**REQUIRED ACTION:**
In the data below, repeat the line containing "Mercedes-Benz A Class AMG Line" and every following line exactly, up to and including the last line. Exclude pictures.

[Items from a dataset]
━━━━━━━━━━

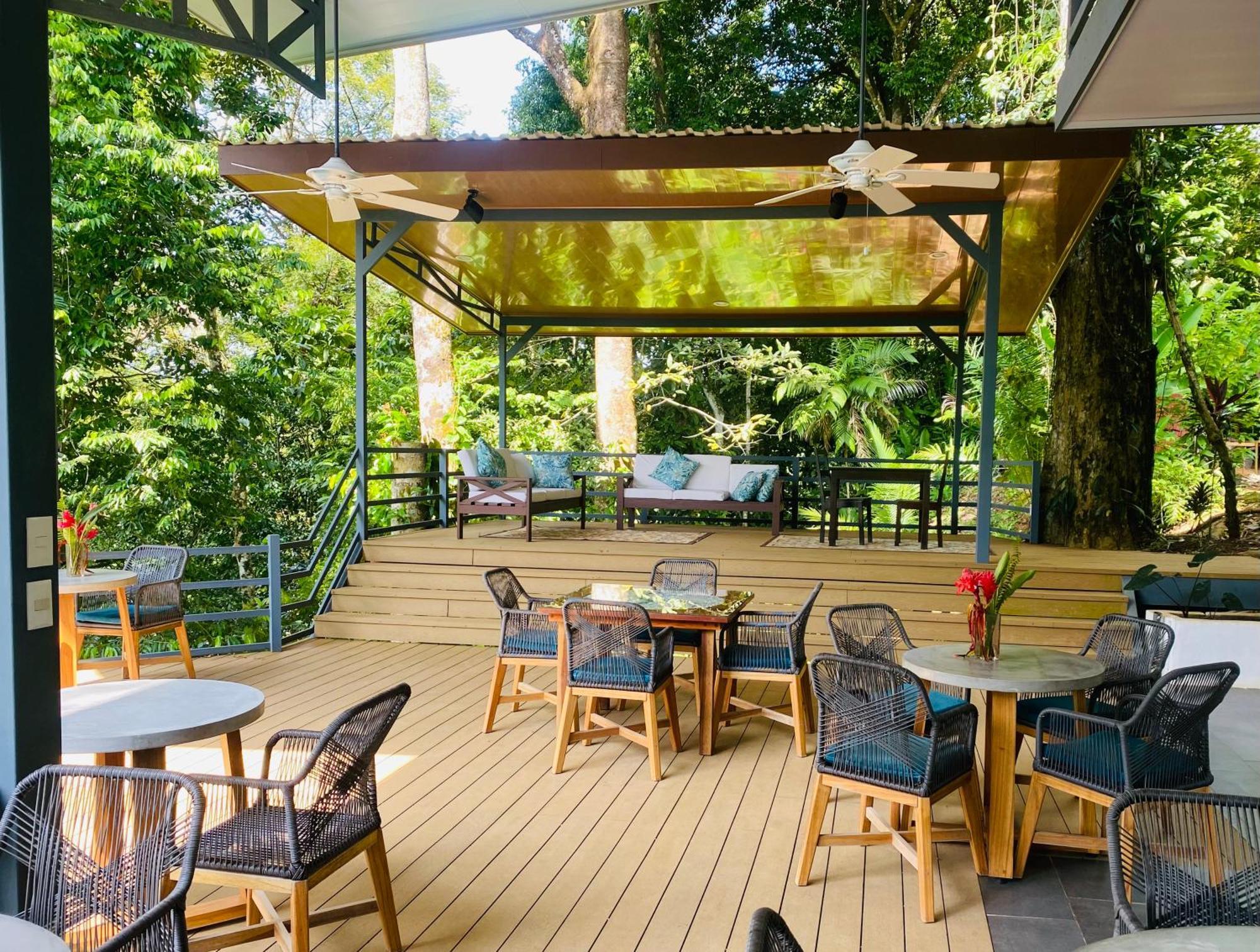 Villas En El Bosque Ojochal Εξωτερικό φωτογραφία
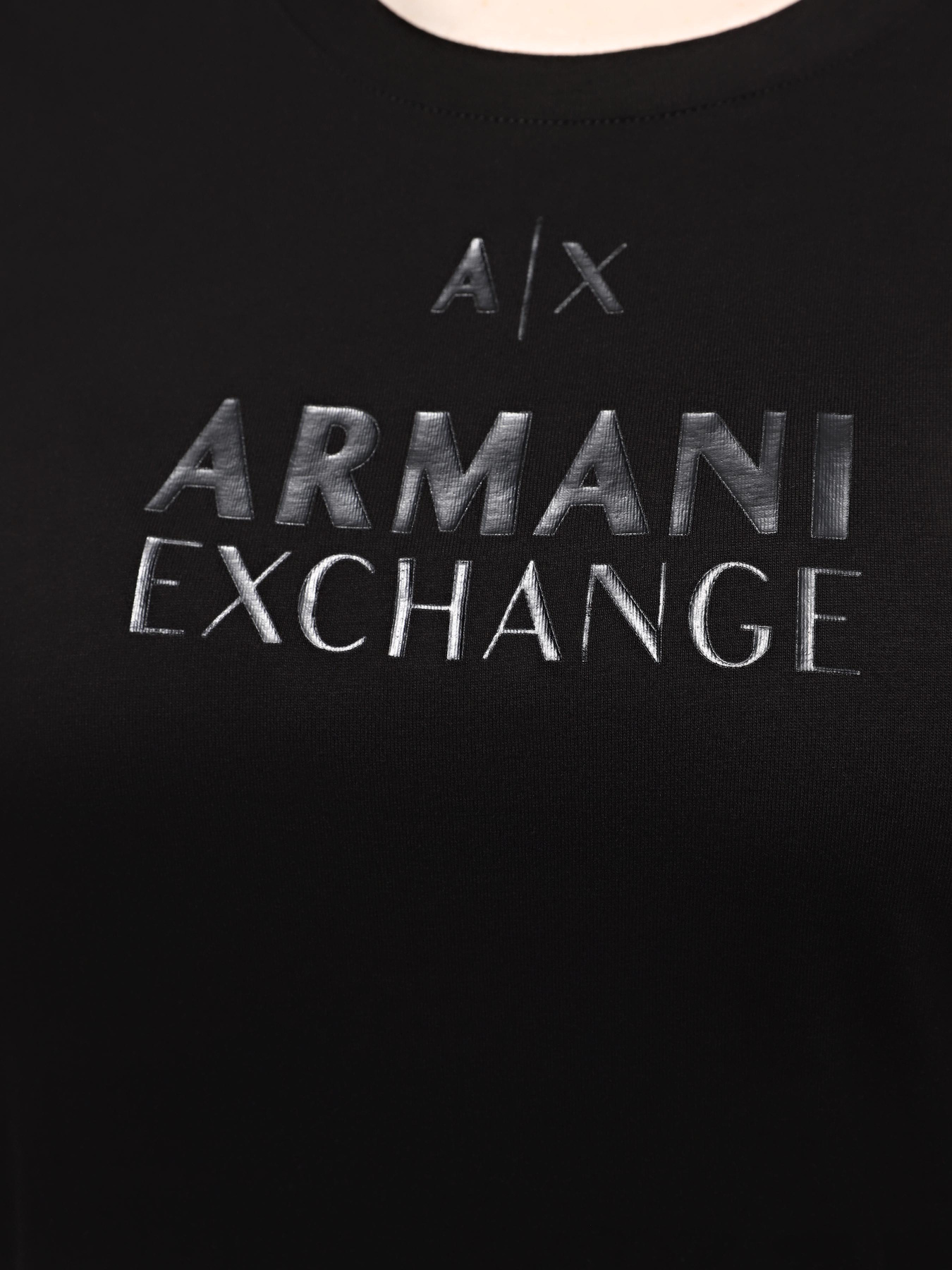Футболка Armani Exchange модель 3DYT11-YJG3Z-1200 Фото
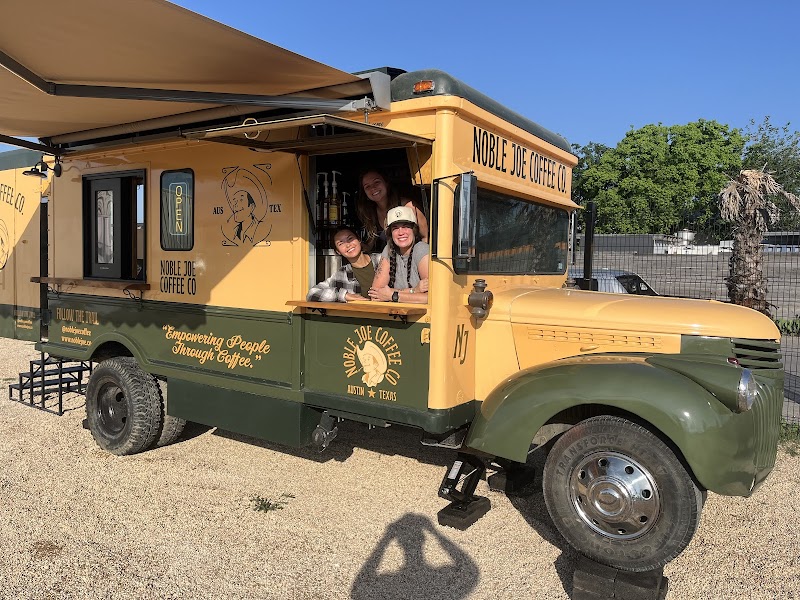 Noble Joe Coffee Co. at St. Elmo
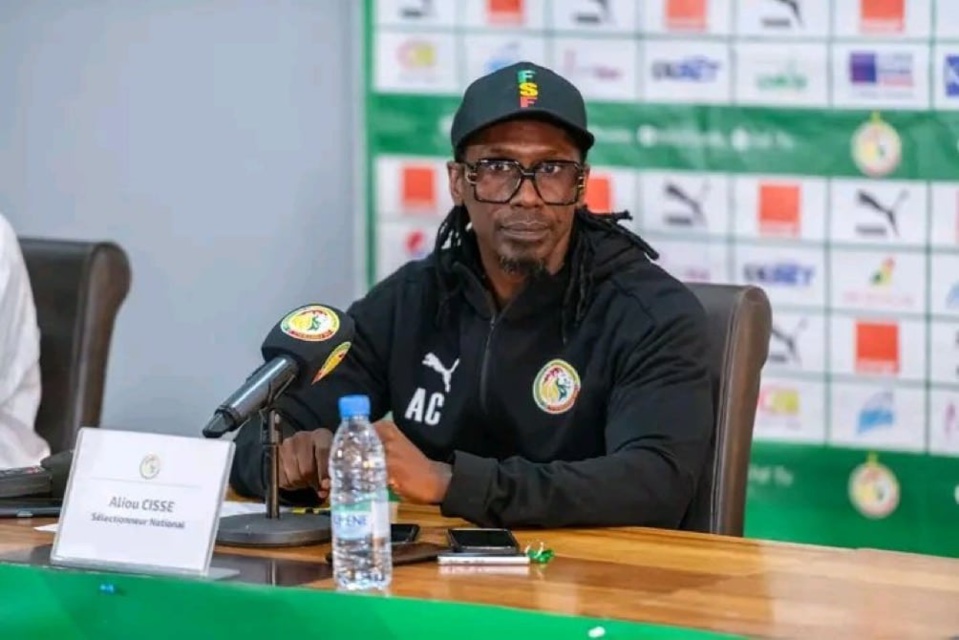 ELIMINATION PRECOCE DU SENEGAL A LA CAN : « Une sensation d’inachevé… mais je ne qualifierais pas cela d’échec », réagit Aliou Cissé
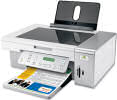 lexmark x4550 multi function wireless printe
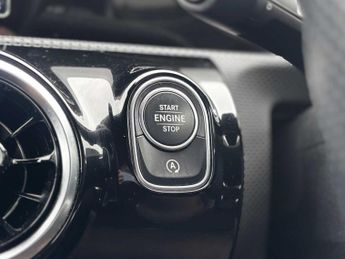 Mercedes-Benz A Class AMG Line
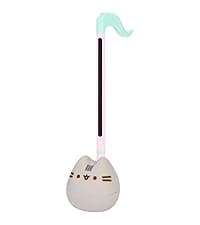 Otamatone Japanese Electronic Musical Instrument Portable Music Synthesizer from Japan by Maywa Denki Studio Award Winning, Educational Fun Gift for Children, Teens & Adults - White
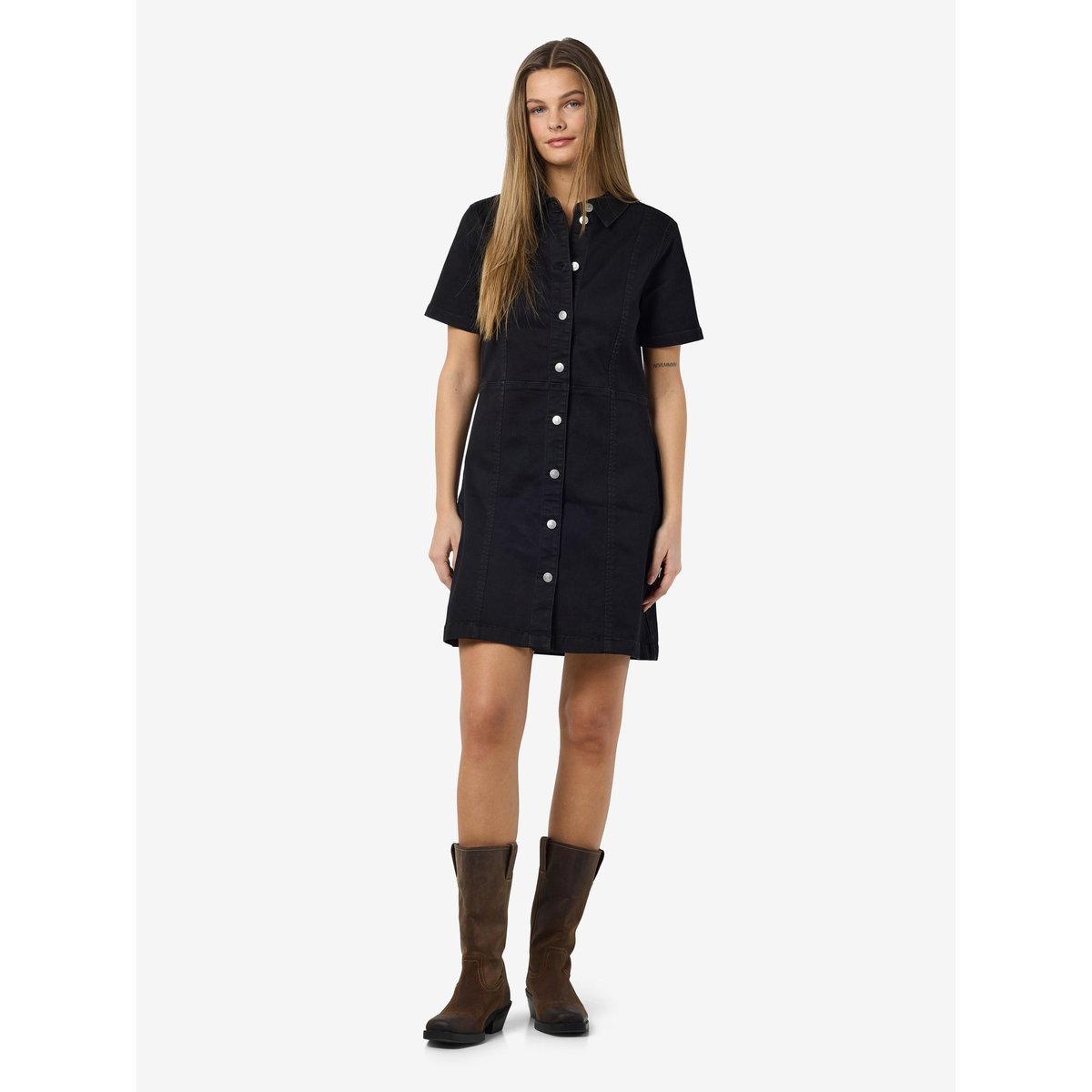 Mini-Robe black, NOISY MAY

━━━━━━━━━━

**SOLUTION FOR THIS TASK:**
 Mercedes-Benz A Class AMG Line
 Otamatone Japanese Electronic Musical Instrument Portable Music Synthesizer from Japan by Maywa Denki Studio Award Winning, Educational Fun Gift for Children, Teens & Adults - White
 Mini-Robe black, NOISY MAY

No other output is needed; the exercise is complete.